Nothing should appear in the answer except the lines below from the line containing "Bridgestone Tour B" through the line containing "Turbox BladeDancer TR-GK103", copied exactly, with pictures left out.
[Opening RECORDS PROVIDED section]
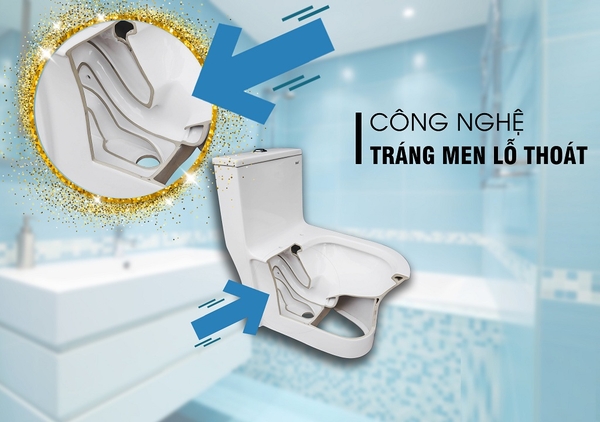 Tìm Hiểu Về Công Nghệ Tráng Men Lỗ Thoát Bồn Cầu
[Closing RECORDS PROVIDED section]
[Opening RECORDS PROVIDED section]
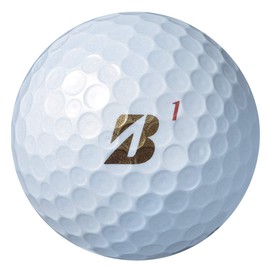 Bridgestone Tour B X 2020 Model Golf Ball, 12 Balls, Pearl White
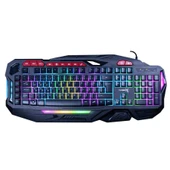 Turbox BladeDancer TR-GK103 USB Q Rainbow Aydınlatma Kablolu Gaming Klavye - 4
[Closing RECORDS PROVIDED section]
[Opening RECORDS PROVIDED section]
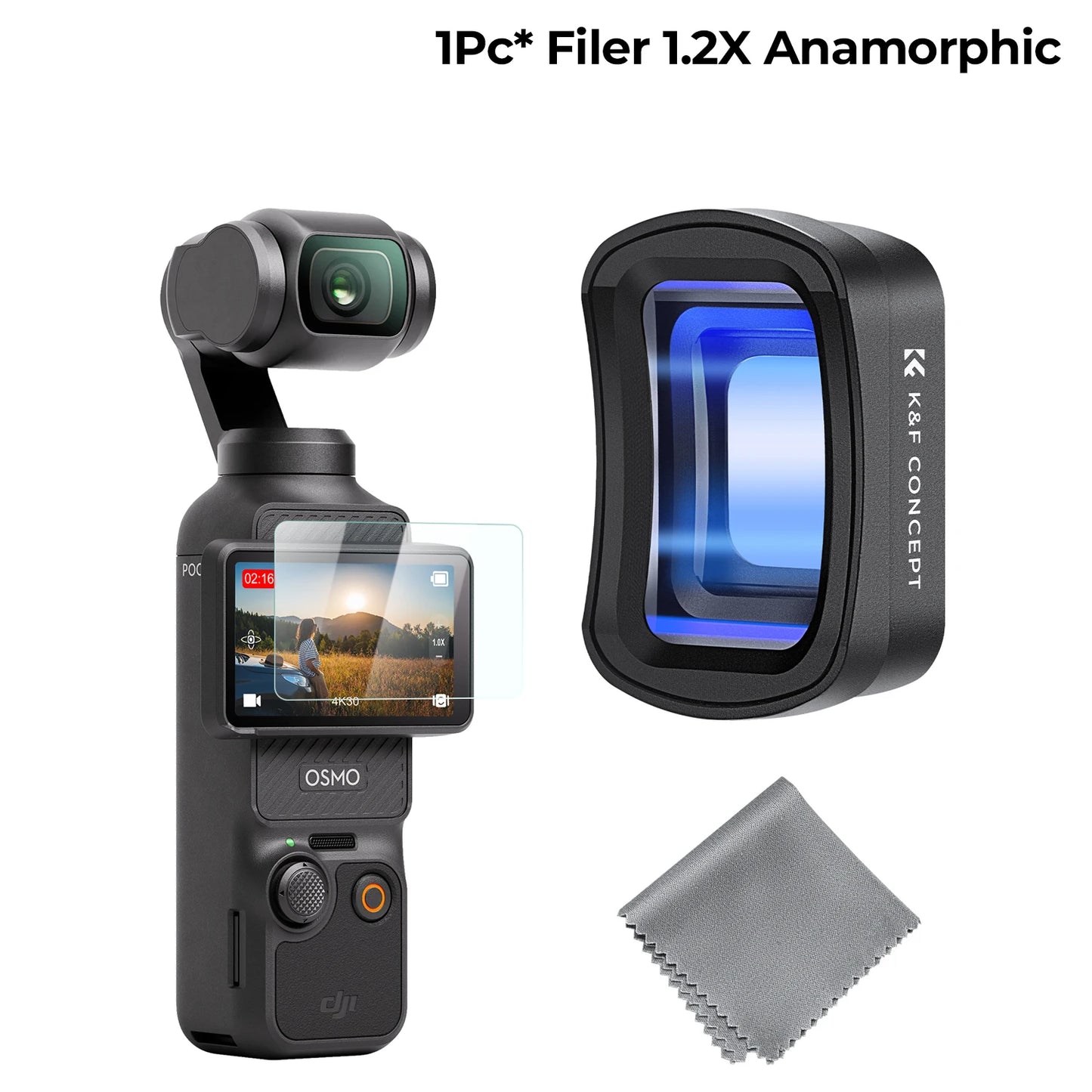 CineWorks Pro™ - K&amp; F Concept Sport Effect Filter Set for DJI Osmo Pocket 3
[Closing RECORDS PROVIDED section]
# THE ANSWER
 Bridgestone Tour B X 2020 Model Golf Ball, 12 Balls, Pearl White
 Turbox BladeDancer TR-GK103 USB Q Rainbow Aydınlatma Kablolu Gaming Klavye - 4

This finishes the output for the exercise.